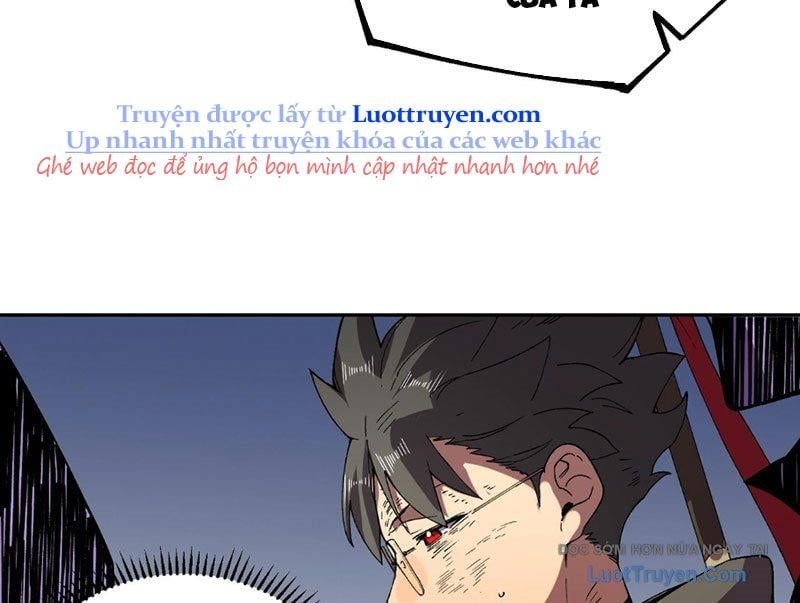 Cấm Chú Sư Mạnh Nhất Lịch Sử - Ch.32 - Trang 43 - Asahi Truyen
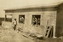 Images/112m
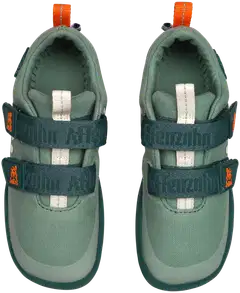 Affenzahn lasten paljasjalkakenkä Cotton Lucky Bunny - Bunny - 6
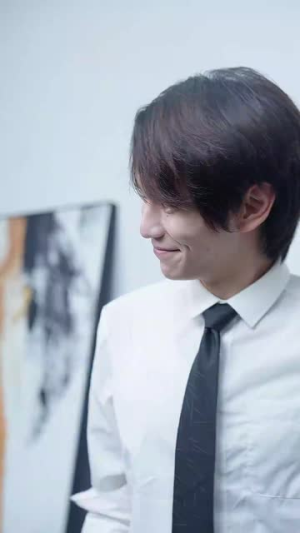 被迫爱上他(67集) 被迫爱上他(67集)在哪个平台看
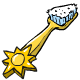 Altadorian Toothbrush - r86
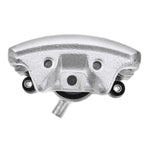 2X Front Disc Brake Caliper for Mercedes-Benz C250 E400 E550 SLC300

**To do**
Without any pictures, restate word for word only the lines from the one with "Altadorian Toothbrush - r86" through the end of the listing.

**Your solution**
 Altadorian Toothbrush - r86
 2X Front Disc Brake Caliper for Mercedes-Benz C250 E400 E550 SLC300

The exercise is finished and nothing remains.